▶ [Problem statement] Begin at the line containing "DreamBid. Изображение 16." in the entries below and end at the line containing "Arrawarra Headland House | The Black House"; transcribe that range exactly and nothing outside it.

▶ [Provided material]
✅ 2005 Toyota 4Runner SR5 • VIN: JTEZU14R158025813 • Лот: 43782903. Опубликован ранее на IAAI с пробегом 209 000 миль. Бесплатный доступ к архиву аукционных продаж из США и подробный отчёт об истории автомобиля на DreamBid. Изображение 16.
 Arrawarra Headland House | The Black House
---
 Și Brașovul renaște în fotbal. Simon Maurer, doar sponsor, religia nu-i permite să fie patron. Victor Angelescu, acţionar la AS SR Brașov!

▶ [Expected answer]
✅ 2005 Toyota 4Runner SR5 • VIN: JTEZU14R158025813 • Лот: 43782903. Опубликован ранее на IAAI с пробегом 209 000 миль. Бесплатный доступ к архиву аукционных продаж из США и подробный отчёт об истории автомобиля на DreamBid. Изображение 16.
 Arrawarra Headland House | The Black House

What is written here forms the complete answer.